Analysts have started questioning Chinese search
engine, Baidu.com, Inc. (ADR)(NASDAQ:BIDU) ‘s tactics to retain its market
share. On Tuesday, the company started redirecting search traffic from smaller
rival Qihoo to its own home page.
Baidu shares fell on Wednesday after an analyst
queried whether this strategy could backfire on the company. Shares in China's
biggest search engine fell 6 percent to $113.34, while that of Qihoo rose
nearly 3 percent to $22.18.
Baidu has about 80 percent of the search market share
in China but recent entrant Qihoo has started to trouble the company's
position.
On Tuesday the company resorted to guerrilla tactics
to counter the potential threat, provoking criticism from the analyst
fraternity. From Tuesday, those who put in a search query on Quito’s 360
Comprehensive Search Engine found that they were directed to Baidu's home page
where they had to type in the query all over again.

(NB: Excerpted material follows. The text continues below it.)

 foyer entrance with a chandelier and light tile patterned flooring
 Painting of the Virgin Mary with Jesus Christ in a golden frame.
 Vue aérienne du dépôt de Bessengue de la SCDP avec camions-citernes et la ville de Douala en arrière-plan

Stifel Nicolaus analyst George Askew said the tactic
could backfire on Baidu, and another analyst reduced her price target on the
Chinese search giant.
Qihoo launched its service on Aug 16 and since then
its shares have risen nearly 19 percent, while those of Baidu have fallen about
15 percent.
“By doing this, we believe Baidu is expecting that
users will identify Qihoo with a poor search experience, and bypass Qihoo
completely and begin searches at Baidu,” Askew said in a note. “However, the
risk is that Qihoo users simply select a different search engine within the
search category, and avoid Baidu.”
Askew, who expects the battles between Baidu and Qihoo
to get even nastier, has a buy rating on Qihoo with a target price of $31.